Lorsque, par un décret des puissances suprêmes,
Le Poète apparaît en ce monde ennuyé,
Sa mère épouvantée et pleine de blasphèmes
Crispe ses poings vers Dieu, qui la prend en pitié :
« Ah ! que n'ai-je mis bas tout un noeud de vipères,
Plutôt que de nourrir cette dérision !
Maudite soit la nuit aux plaisirs éphémères
Où mon ventre a conçu mon expiation !
Puisque tu m'as choisie entre toutes les
femmes
Pour être le dégoût de mon triste mari,
Et que je ne puis pas rejeter dans les flammes,
Comme un billet d'amour, ce monstre rabougri,
Je ferai rejaillir ta haine qui m'accable
Sur l'instrument maudit de tes méchancetés,
Et je tordrai si bien cet arbre misérable,
Qu'il ne pourra pousser ses boutons empestés ! »
Ainsi commence
Les fleurs du mal du « premier voyant », comme le couronna plus tard
Arthur Rimbaud. Et, pour le coup, il fut presque oraculaire,
Baudelaire, en ce qui concerne
Rimbaud. Car c'est à peu près ainsi que
Pierre Michon décrit
Vitalie Rimbaud, la mère du poète. Femme dévote, abandonnée par son mari, « souffrante et mauvaise ».
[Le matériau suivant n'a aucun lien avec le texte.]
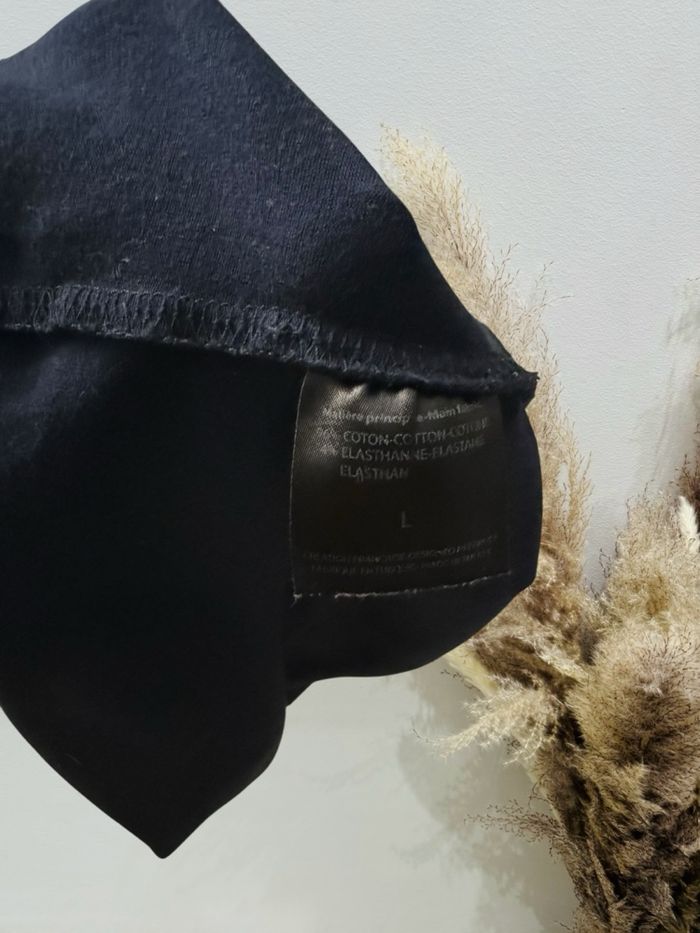 Robe de grossesse marine à pois blanc rougegorge - photo numéro 4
C'est donc en attaquant par ce biais, les relations aux parents, une mère mauvaise et un père absent, que
Pierre Michon évoque le fils
Rimbaud. Et c'est la seule originalité, dans le fond, de cette sorte de petite biographie, le seul thème sur lequel
Pierre Michon se prononce : « de cela je suis sûr :
Rimbaud refusait et exécrait tout maître, et non pas tant parce que lui-même voulait ou croyait l'être, mais parce que son maître à lui, c'est-à-dire celui de la Carabosse [sa mère], le Capitaine [son père], lointain comme le tsar et peu concevable comme Dieu, comme eux plus souverain d'être bouclés derrière des kremlins, derrière des nuages, son maître depuis toujours était une figure fantôme… »
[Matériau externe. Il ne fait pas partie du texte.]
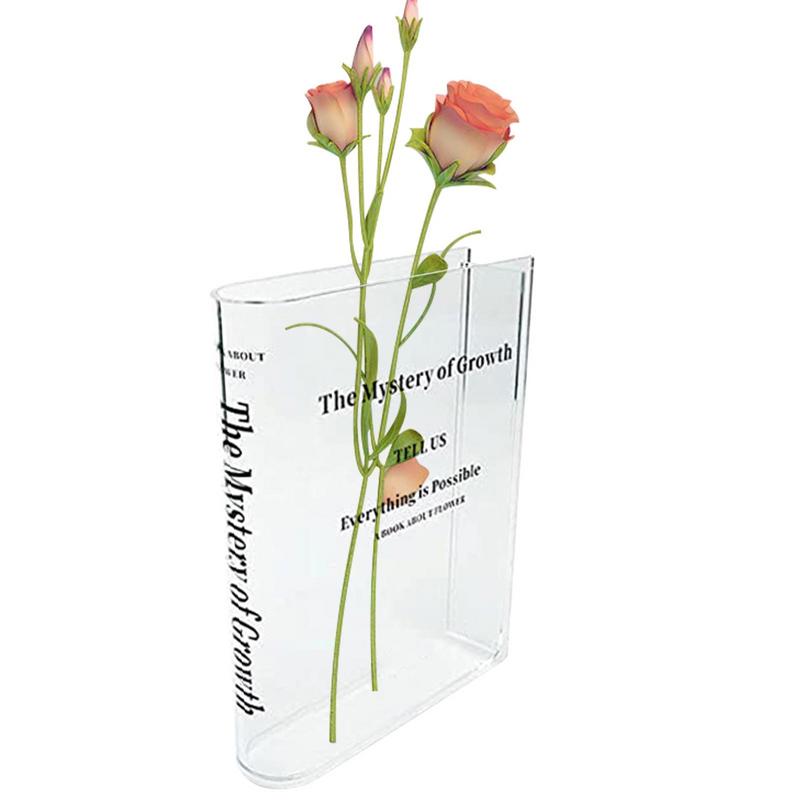 Clear Book Vase Aesthetic Acry - Propagation Station Vase recension och pris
Pour le reste, on n'apprend rien de nouveau, bien sûr, ce ne sont que des morceaux d'imagination à partir de « la Vulgate »et de la mythologie rimbaldienne : le professeur Izambard, les lettres du voyant, les quelques photos,
Verlaine, etc. Quelques réflexions sur cette figure, cette image, de
Rimbaud, sur les on-dit, sur le Génie, puisque c'est bien ce mot qui vient encore à l'esprit quand on entend le nom de
Rimbaud, sur les poètes oubliés, sur la reconnaissance de ses pairs, sur la postérité. Et tout cela écrit avec justesse, d'une prose toute personnelle, un véritable régal à lire.